■ Material for this task:
= = =

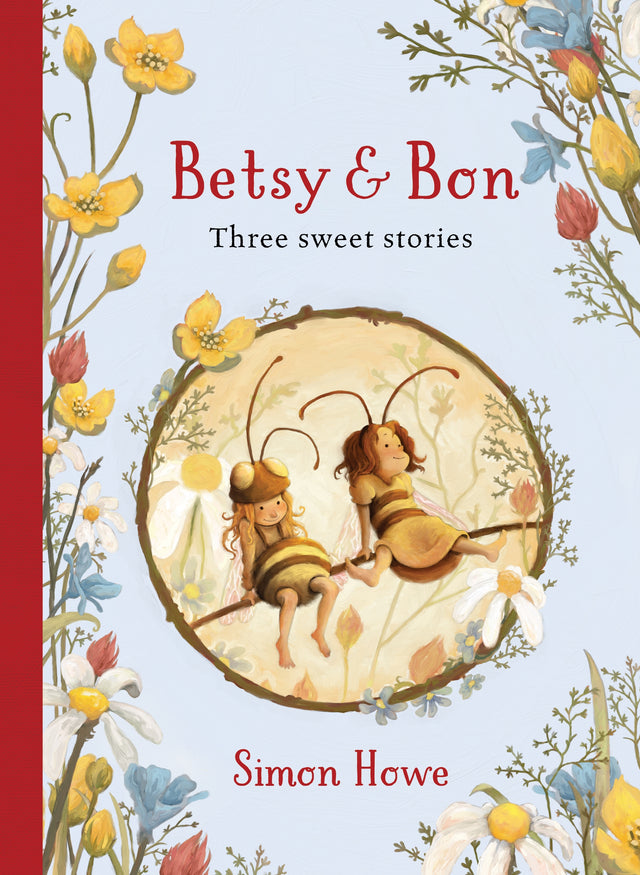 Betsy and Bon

= = =

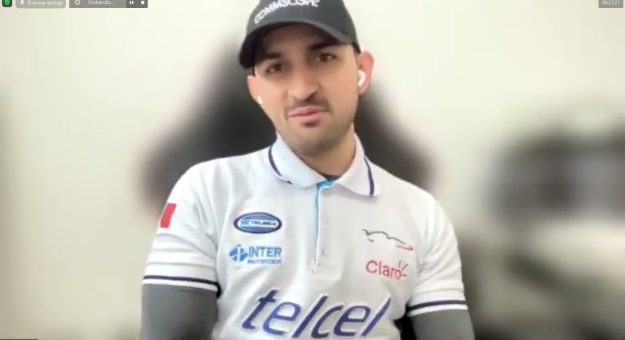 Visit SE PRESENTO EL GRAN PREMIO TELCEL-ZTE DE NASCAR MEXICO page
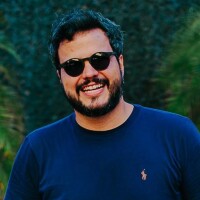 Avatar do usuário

= = =

■ Problem description:
An exact copy is needed of the stretch above that opens with the line containing "Visit SE PRESENTO" and closes with the line containing "Avatar do usuário"; the pictures are not part of it.

■ Your response:
 Visit SE PRESENTO EL GRAN PREMIO TELCEL-ZTE DE NASCAR MEXICO page
 Avatar do usuário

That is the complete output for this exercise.